• ASSIGNMENT: Below are some records. Write out the lines from the one containing "The Insiders Colour Love Colour Mask 300ml" to the last line, word for word, leaving out pictures.

• RECORD EXCERPTS:
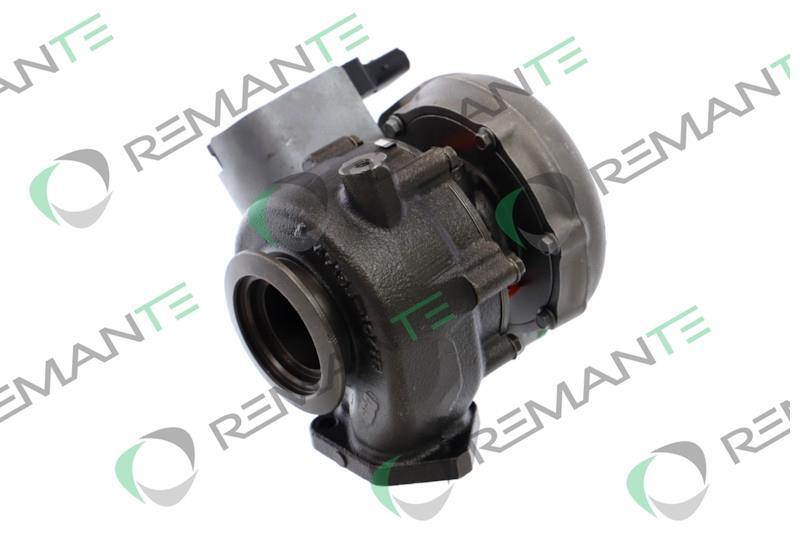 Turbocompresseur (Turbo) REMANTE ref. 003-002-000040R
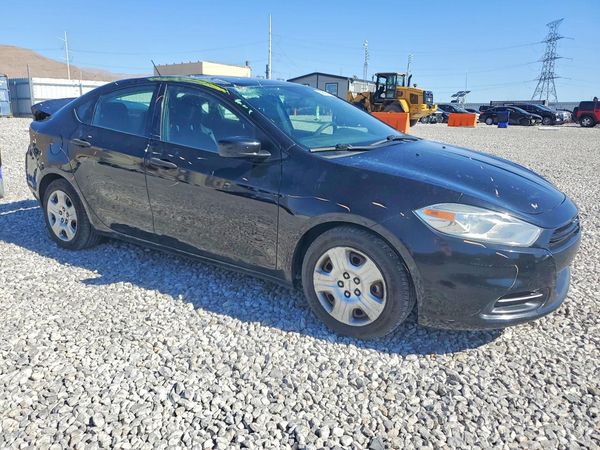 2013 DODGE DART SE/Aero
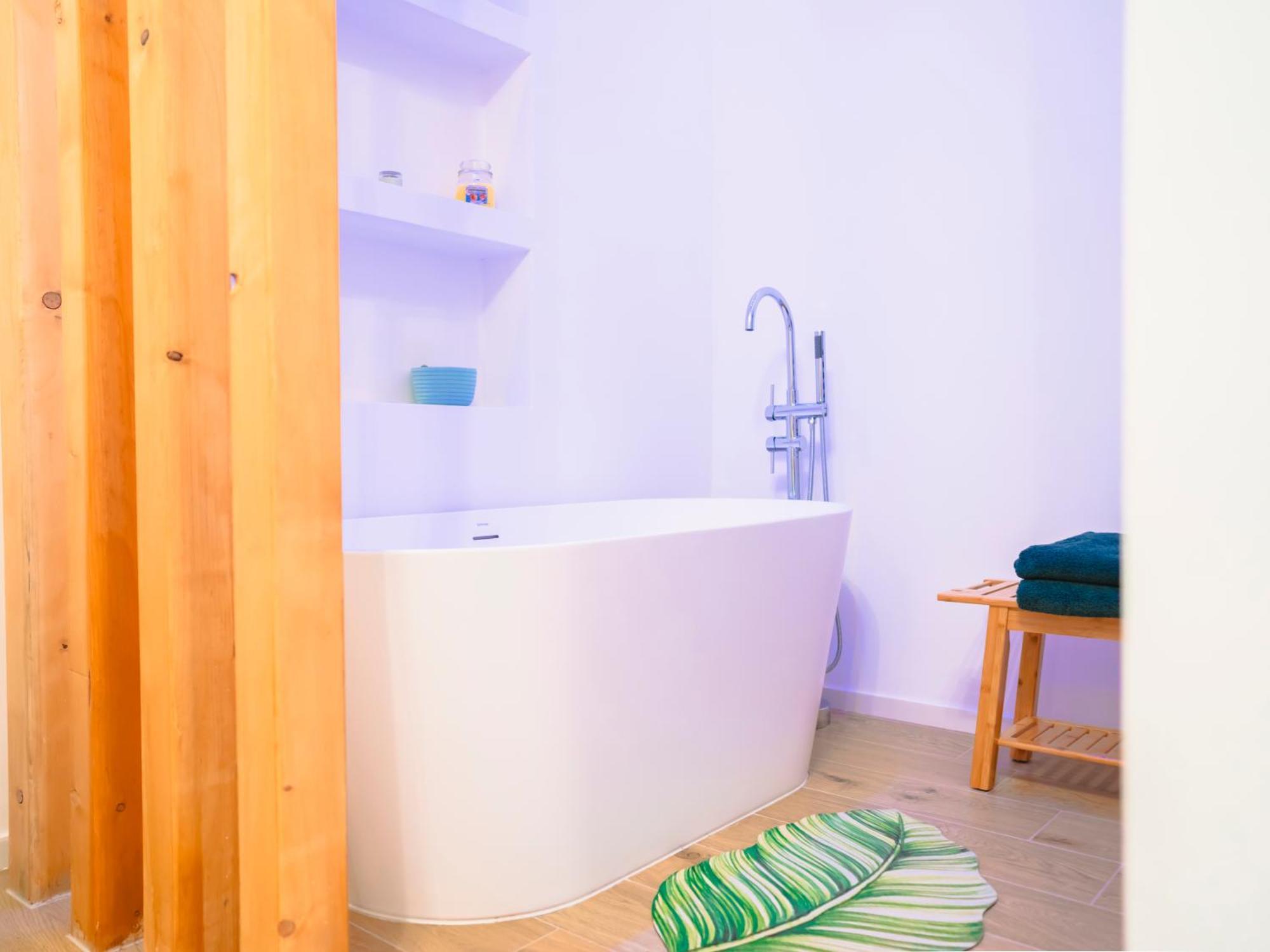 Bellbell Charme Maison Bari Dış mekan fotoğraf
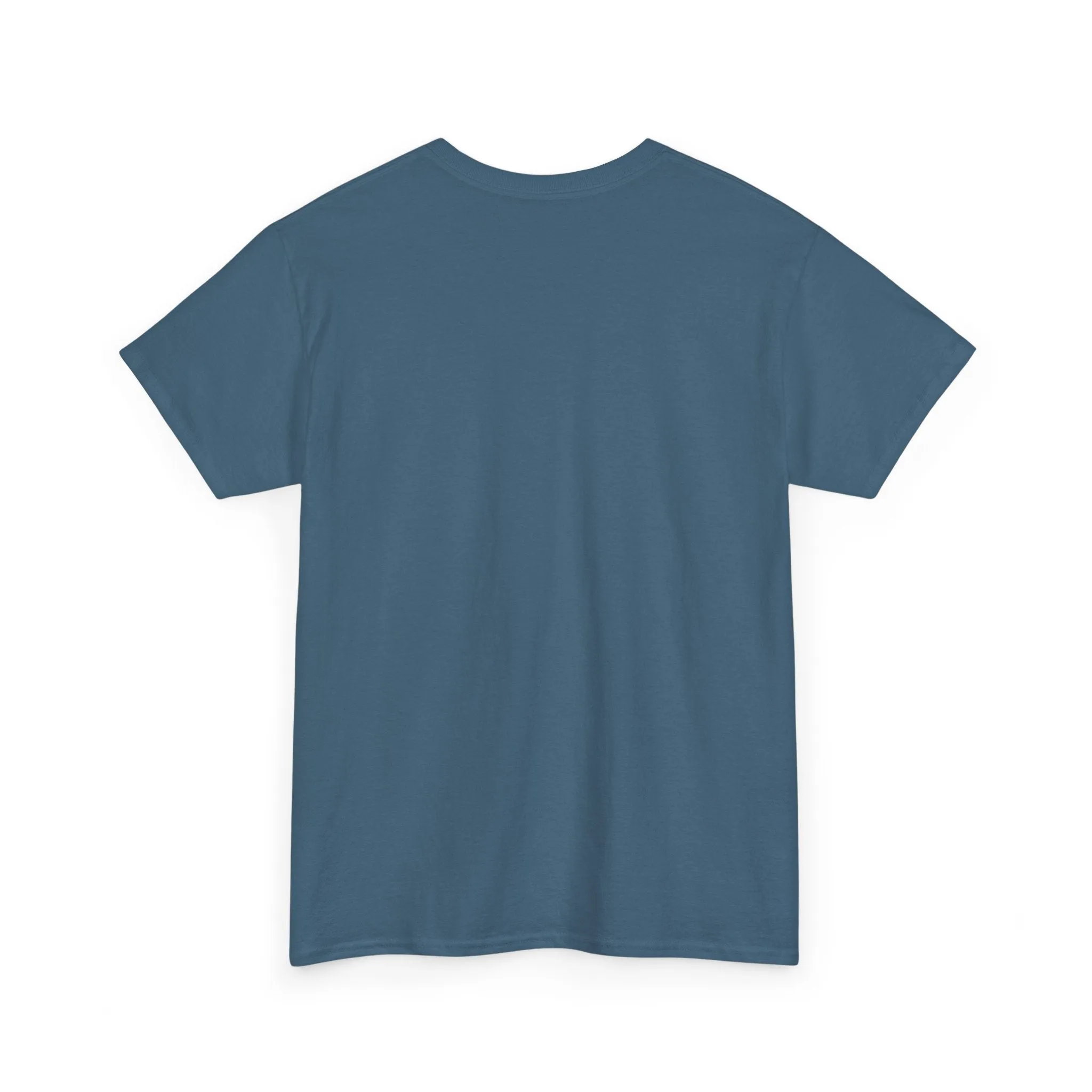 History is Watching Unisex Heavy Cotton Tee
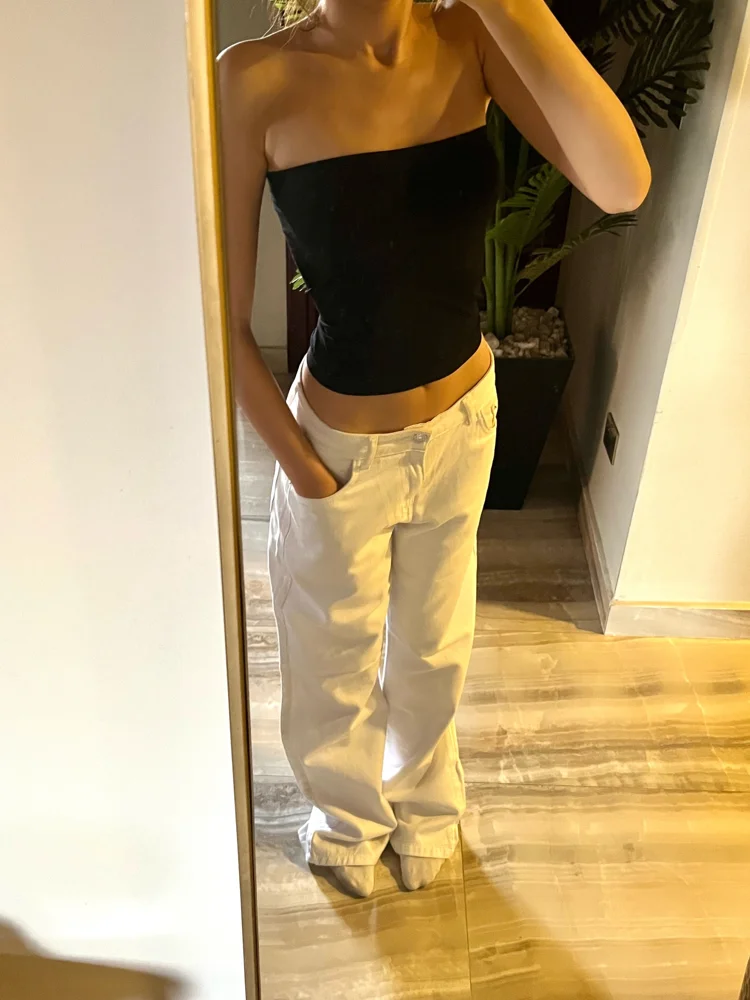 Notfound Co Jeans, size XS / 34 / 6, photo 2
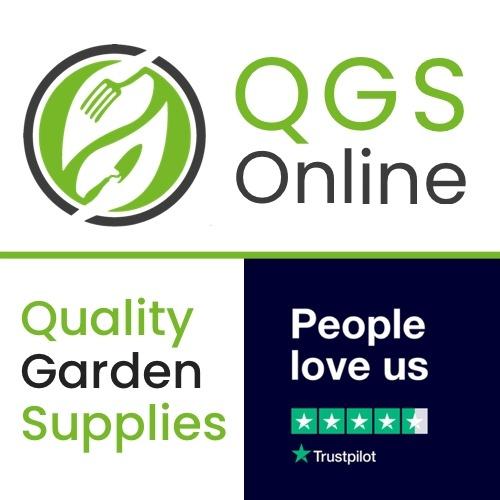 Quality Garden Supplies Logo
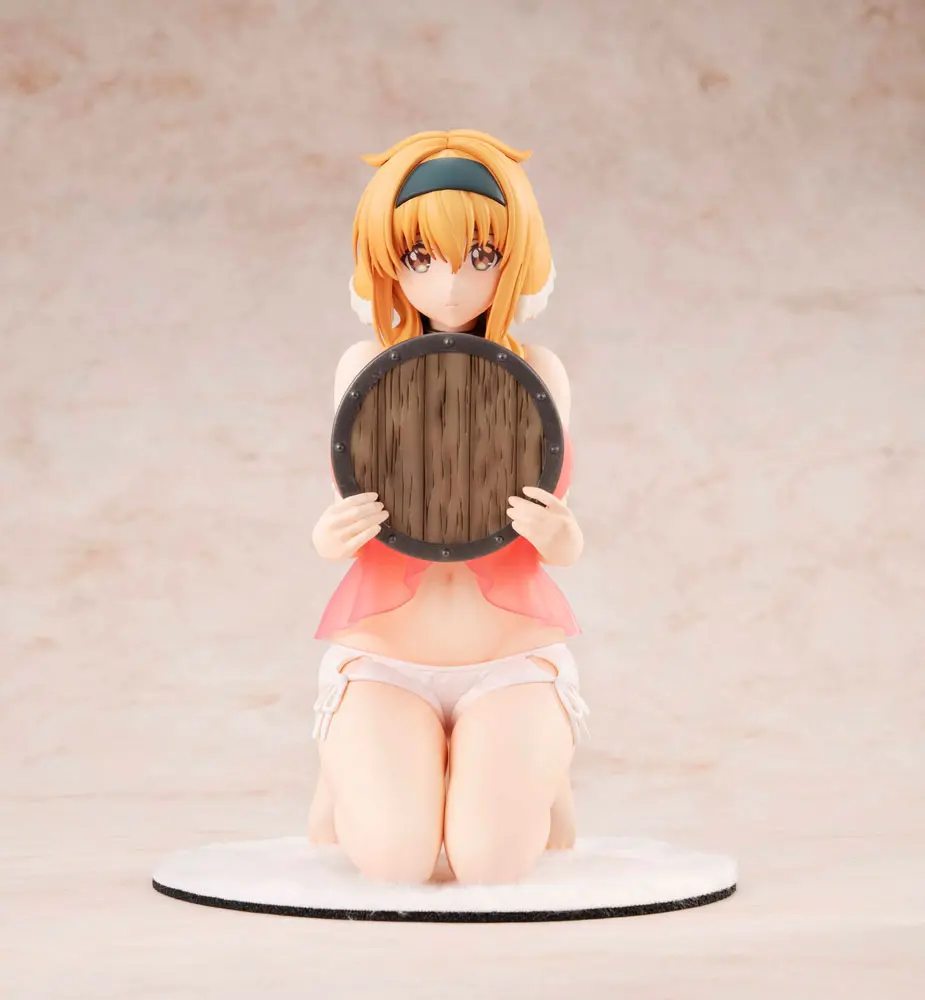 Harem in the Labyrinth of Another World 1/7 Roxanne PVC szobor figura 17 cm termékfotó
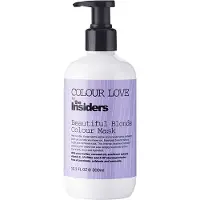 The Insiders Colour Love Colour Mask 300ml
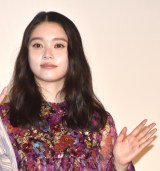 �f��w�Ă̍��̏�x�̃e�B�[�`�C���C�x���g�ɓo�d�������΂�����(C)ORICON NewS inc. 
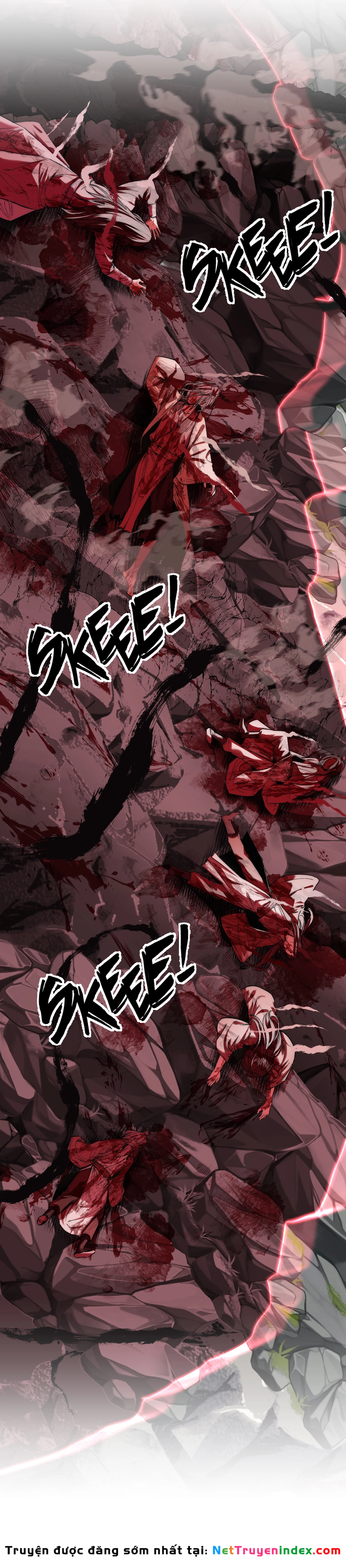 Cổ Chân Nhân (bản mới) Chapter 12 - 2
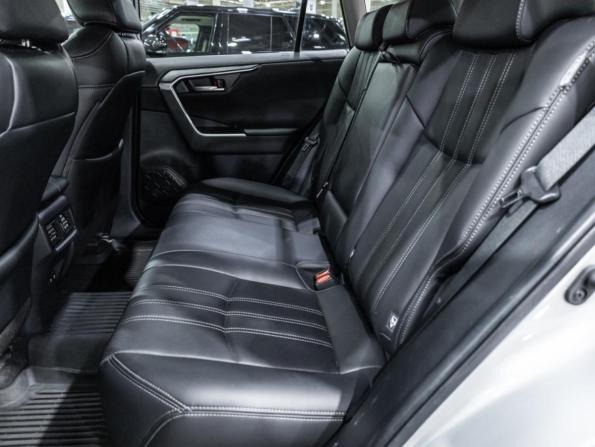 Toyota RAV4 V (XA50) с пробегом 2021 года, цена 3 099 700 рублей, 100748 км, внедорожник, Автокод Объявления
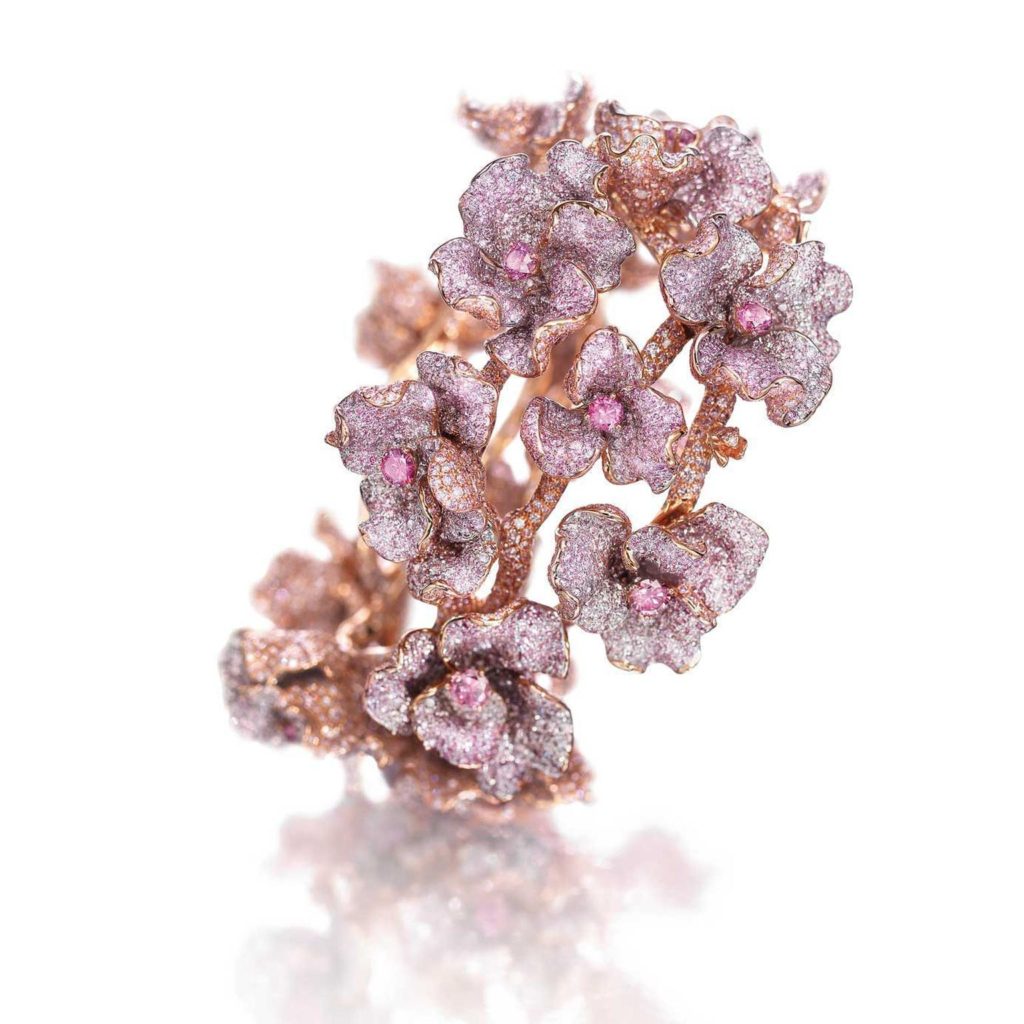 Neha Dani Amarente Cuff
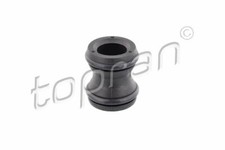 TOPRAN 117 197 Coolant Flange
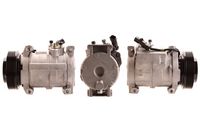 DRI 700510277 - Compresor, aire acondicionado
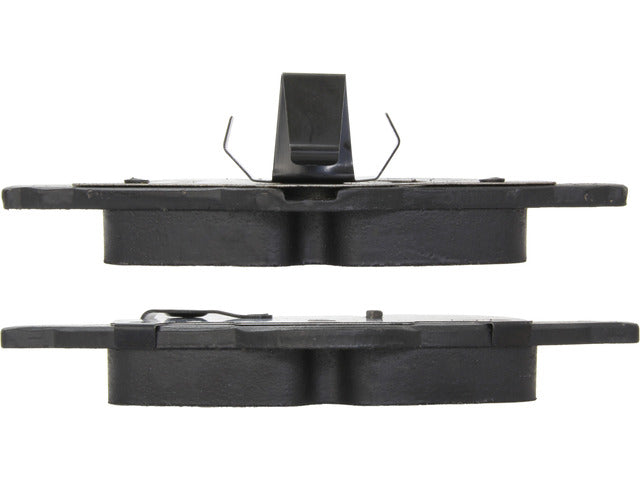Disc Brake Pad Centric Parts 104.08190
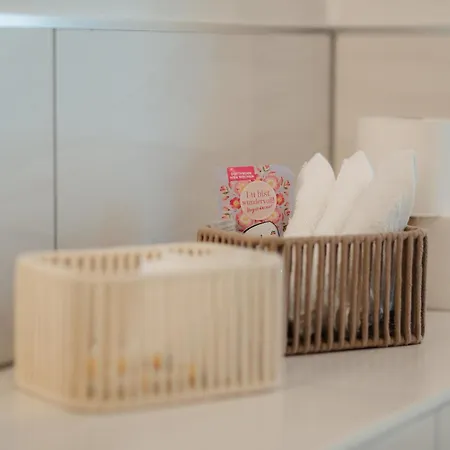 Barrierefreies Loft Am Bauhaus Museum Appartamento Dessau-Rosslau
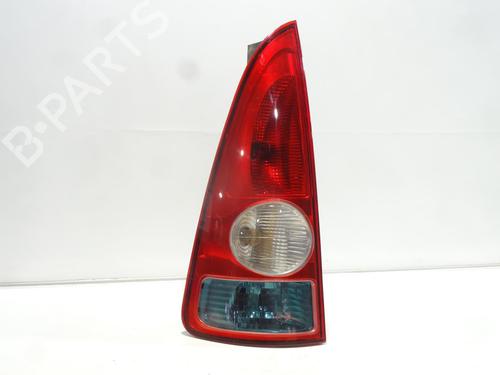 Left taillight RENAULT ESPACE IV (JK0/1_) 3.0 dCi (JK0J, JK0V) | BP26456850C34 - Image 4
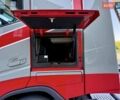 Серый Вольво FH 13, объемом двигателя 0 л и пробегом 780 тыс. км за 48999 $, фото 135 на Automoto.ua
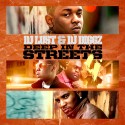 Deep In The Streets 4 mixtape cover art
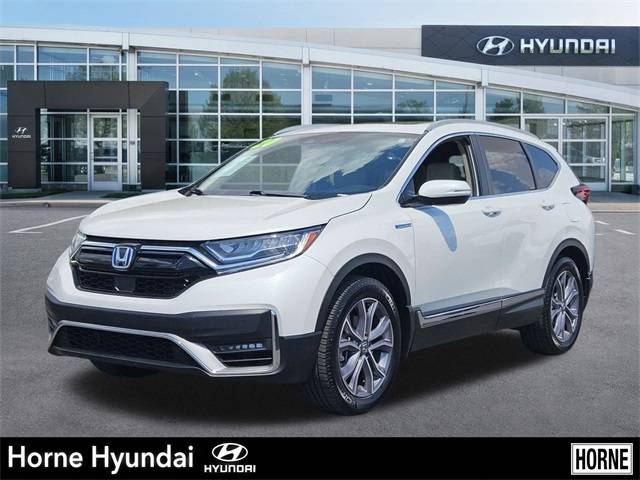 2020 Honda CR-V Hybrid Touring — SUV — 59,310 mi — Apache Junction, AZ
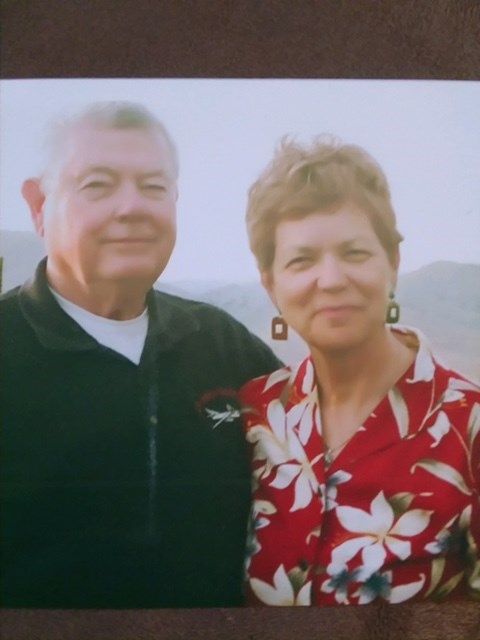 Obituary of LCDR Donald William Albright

• TASK RESULT:
 The Insiders Colour Love Colour Mask 300ml
 �f��w�Ă̍��̏�x�̃e�B�[�`�C���C�x���g�ɓo�d�������΂�����(C)ORICON NewS inc. 
 Cổ Chân Nhân (bản mới) Chapter 12 - 2
 Toyota RAV4 V (XA50) с пробегом 2021 года, цена 3 099 700 рублей, 100748 км, внедорожник, Автокод Объявления
 Neha Dani Amarente Cuff
 TOPRAN 117 197 Coolant Flange
 DRI 700510277 - Compresor, aire acondicionado
Disc Brake Pad Centric Parts 104.08190
 Barrierefreies Loft Am Bauhaus Museum Appartamento Dessau-Rosslau
 Left taillight RENAULT ESPACE IV (JK0/1_) 3.0 dCi (JK0J, JK0V) | BP26456850C34 - Image 4
 Серый Вольво FH 13, объемом двигателя 0 л и пробегом 780 тыс. км за 48999 $, фото 135 на Automoto.ua
 Deep In The Streets 4 mixtape cover art
 2020 Honda CR-V Hybrid Touring — SUV — 59,310 mi — Apache Junction, AZ
 Obituary of LCDR Donald William Albright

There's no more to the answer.